- PROBLEM DESCRIPTION -
Print the whole listing below exactly as given, pictures excluded.

- DATA UNDER STUDY -

----

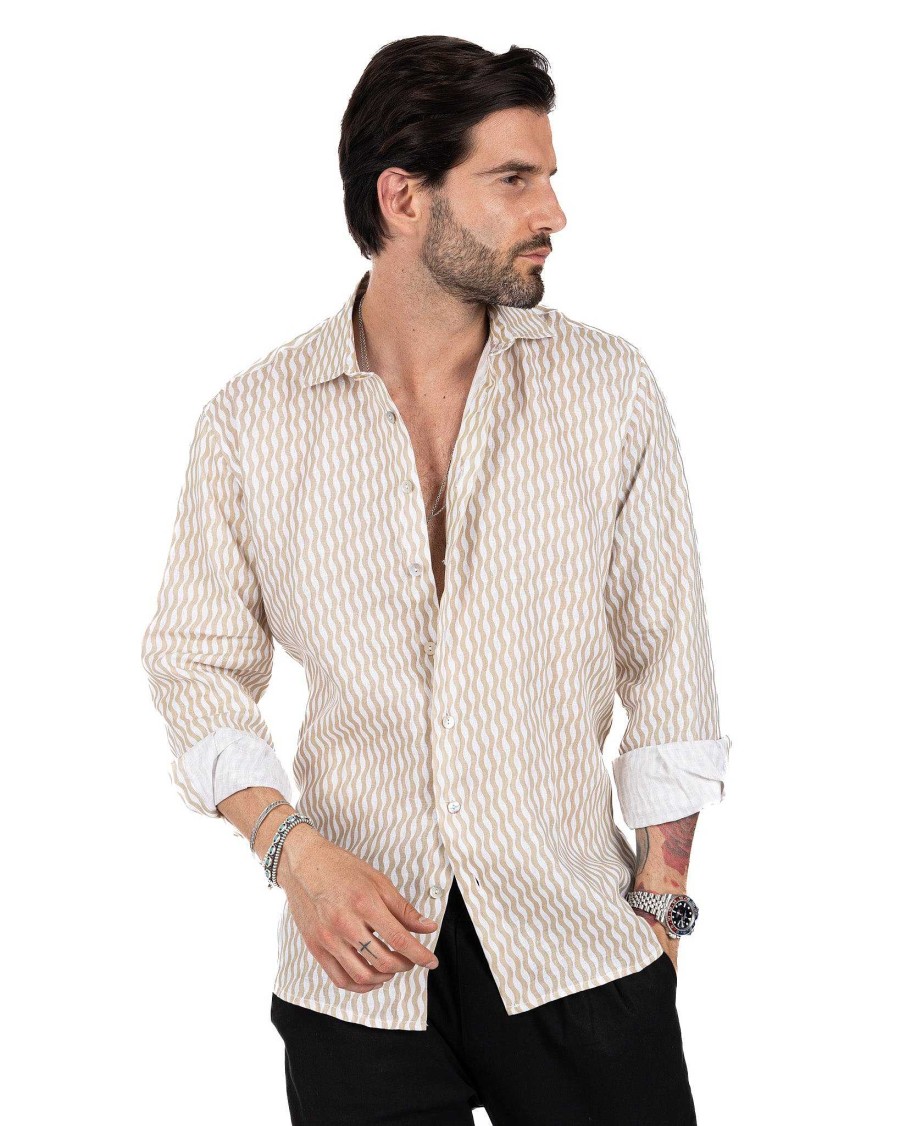 Abbigliamento SAVEONE Camicie | Onda - Camicia Stampata Beige In Lino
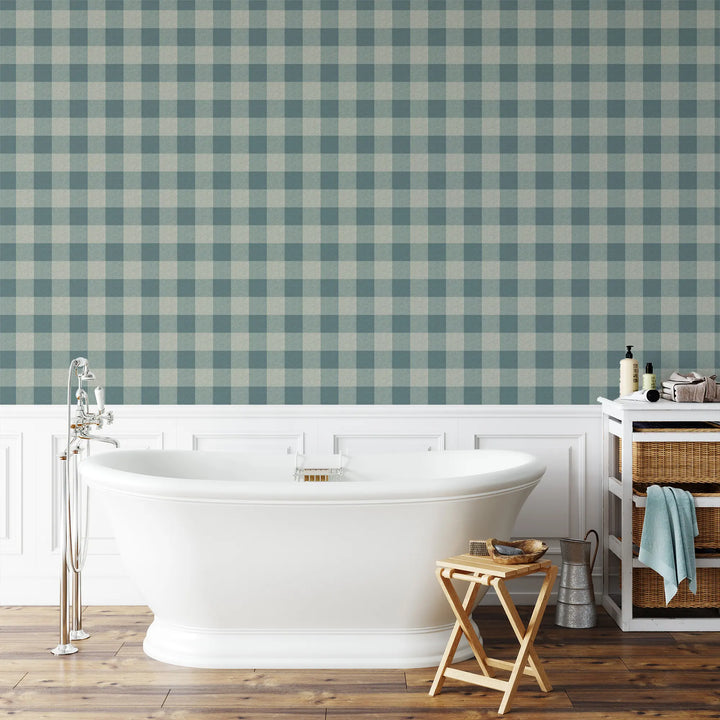 Washed Gingham - Juniper Wallpaper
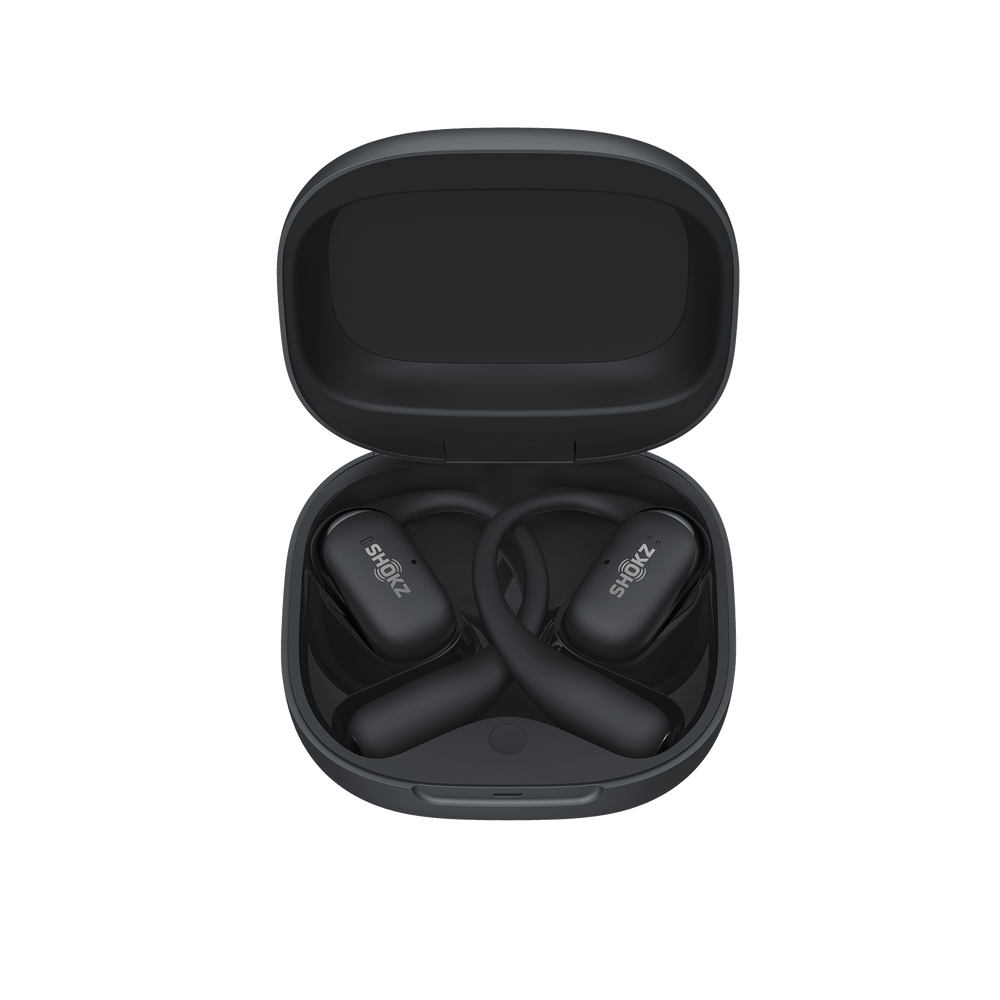 black shokz openfit headphones, earbuds in box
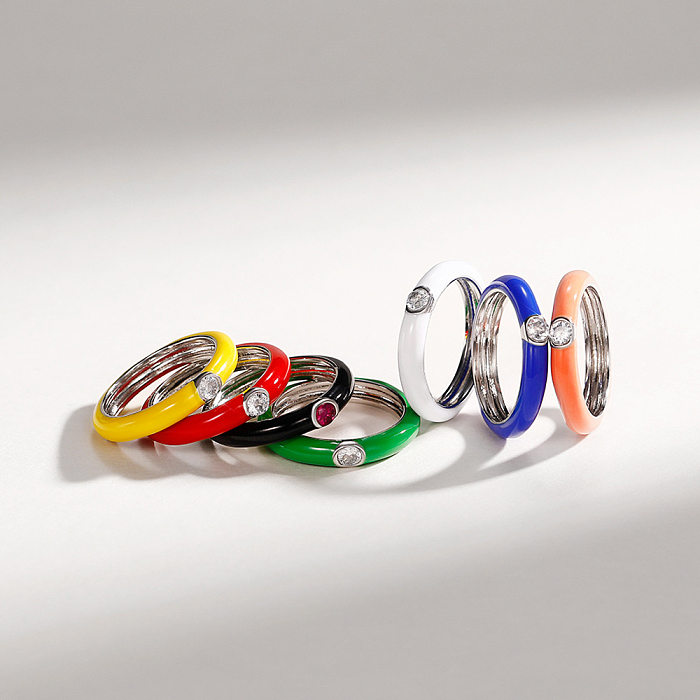 1 Piece Fashion Geometric Copper Enamel Inlay Artificial Gemstones Rings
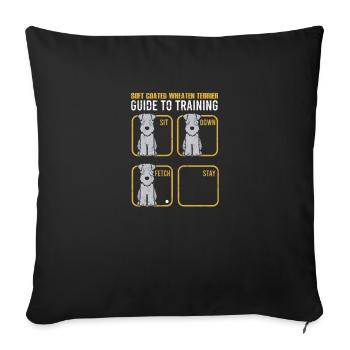 Soft Coated Wheaten Terrier Guide pour l’entraînement Sit - Housse de coussin décorative 45 x 45 cm - noir - Devant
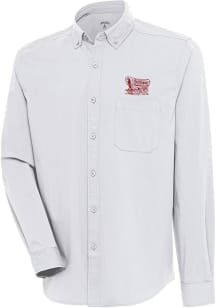 Antigua Oklahoma Sooners Mens White Flight Solid Long Sleeve Dress Shirt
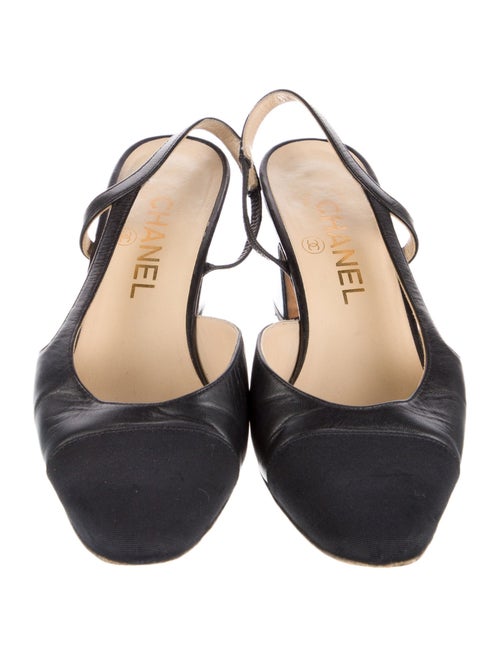Chanel Interlocking CC Logo Leather Slingback Pumps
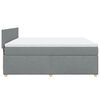 vidaXL Boxspringbett mit Matratze Hellgrau 180x200 cm Stoff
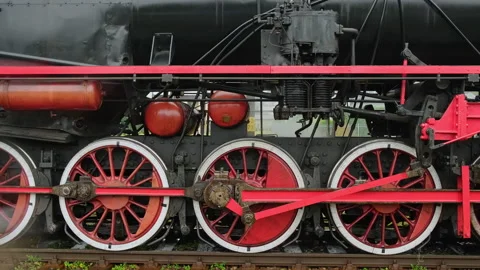 Red Wheels Steam Locomotive Engine Photo Background And Picture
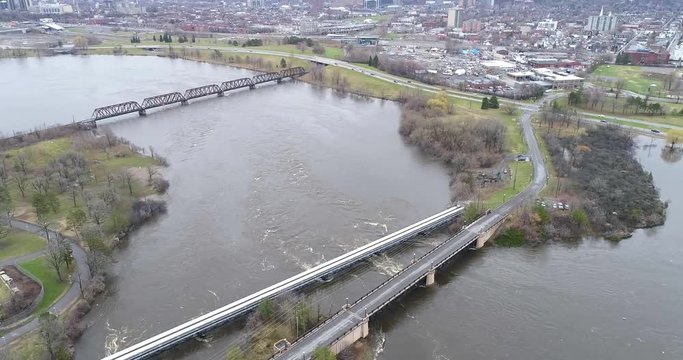 Drone footage over Onigam Street on the Ottawa River during the 2019 Ottawa flood.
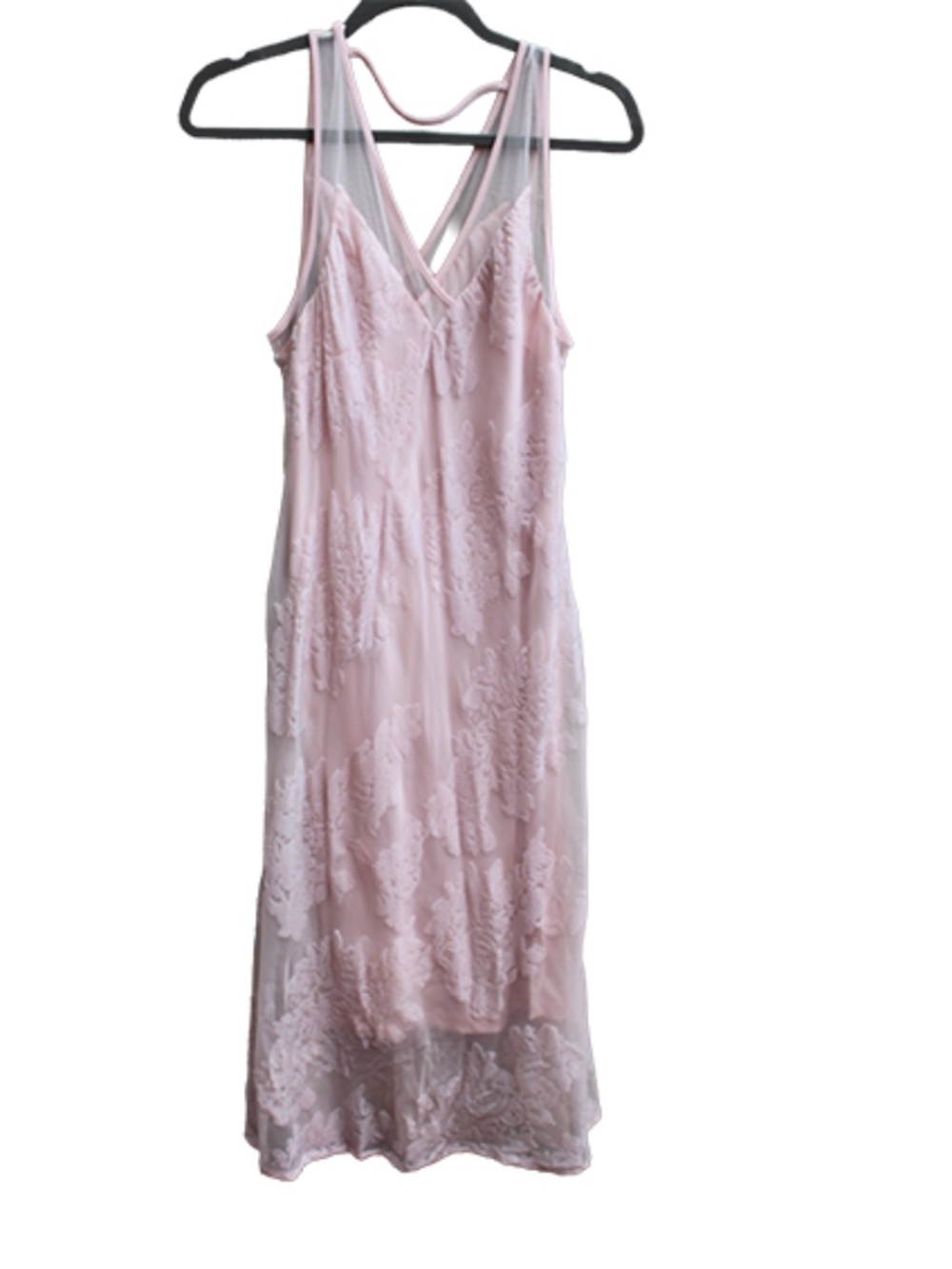Pink Velvet and Mesh Floral Dress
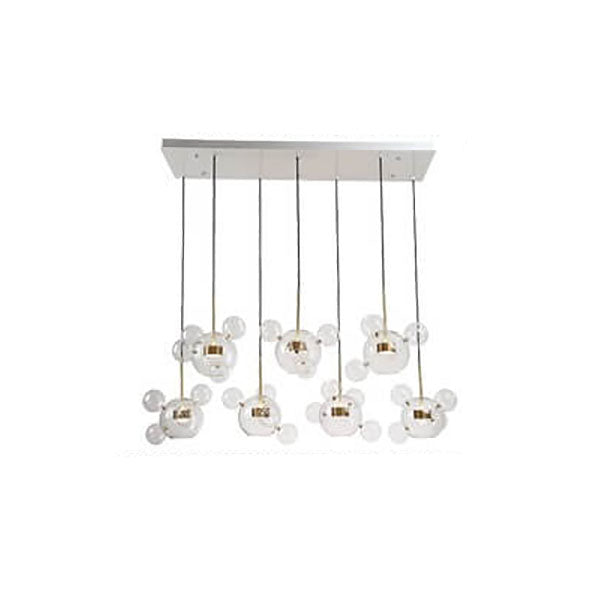 Modern Atom Mickey Head Bubble Glass Ball 1-Light LED Pendant Light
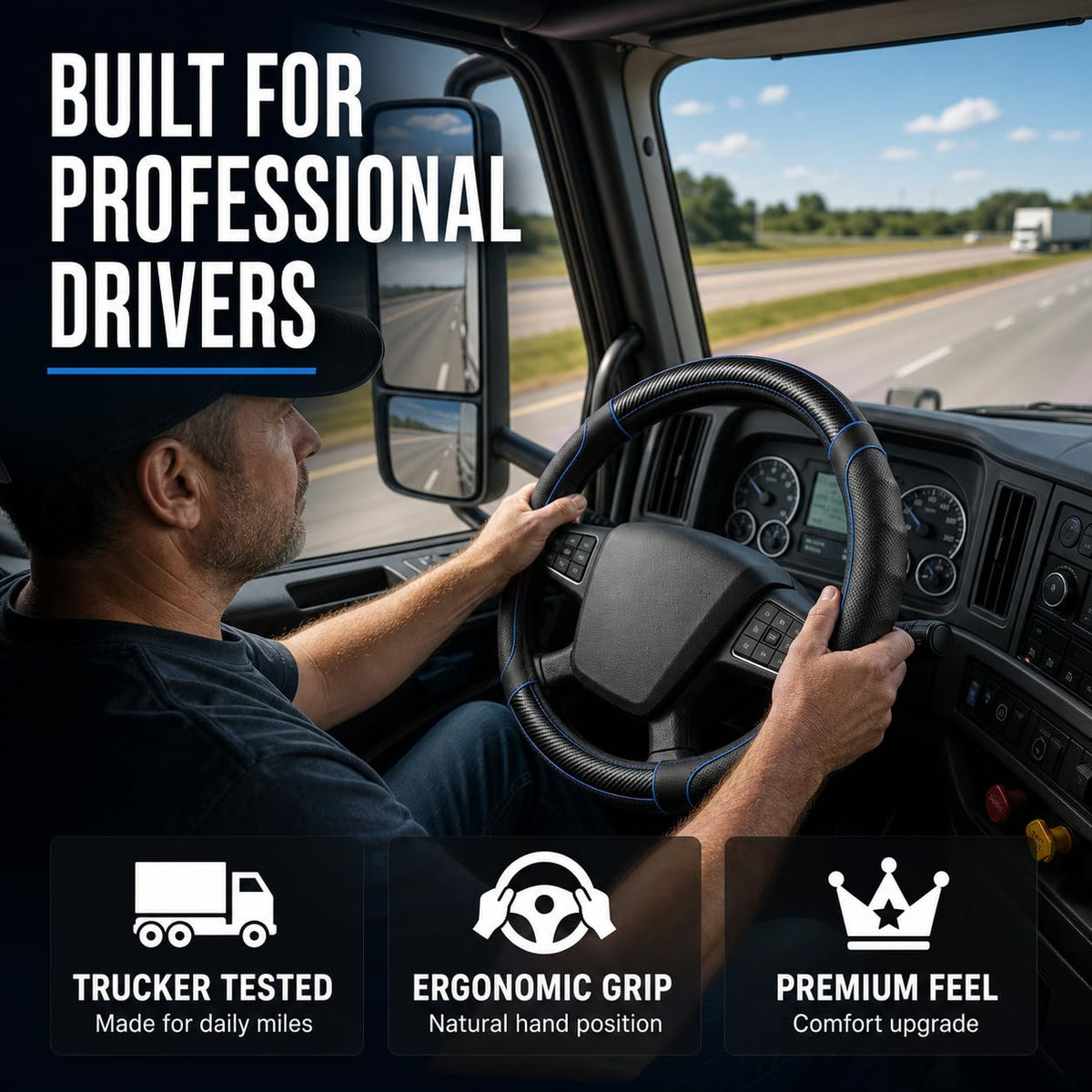 18 Inch Semi Truck Steering Wheel Cover for Freightliner Cascadia, Kenworth T680 T880, Peterbilt 579 & Volvo VNL – Heavy Duty Anti-Slip Leather Grip for Big Rig Class 8 Trucks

----

- ANSWER SPACE -
 Abbigliamento SAVEONE Camicie | Onda - Camicia Stampata Beige In Lino
 Washed Gingham - Juniper Wallpaper
 black shokz openfit headphones, earbuds in box
 1 Piece Fashion Geometric Copper Enamel Inlay Artificial Gemstones Rings
 Soft Coated Wheaten Terrier Guide pour l’entraînement Sit - Housse de coussin décorative 45 x 45 cm - noir - Devant
 Antigua Oklahoma Sooners Mens White Flight Solid Long Sleeve Dress Shirt
Chanel Interlocking CC Logo Leather Slingback Pumps
 vidaXL Boxspringbett mit Matratze Hellgrau 180x200 cm Stoff
 Red Wheels Steam Locomotive Engine Photo Background And Picture
 Drone footage over Onigam Street on the Ottawa River during the 2019 Ottawa flood.
Pink Velvet and Mesh Floral Dress
 Modern Atom Mickey Head Bubble Glass Ball 1-Light LED Pendant Light
 18 Inch Semi Truck Steering Wheel Cover for Freightliner Cascadia, Kenworth T680 T880, Peterbilt 579 & Volvo VNL – Heavy Duty Anti-Slip Leather Grip for Big Rig Class 8 Trucks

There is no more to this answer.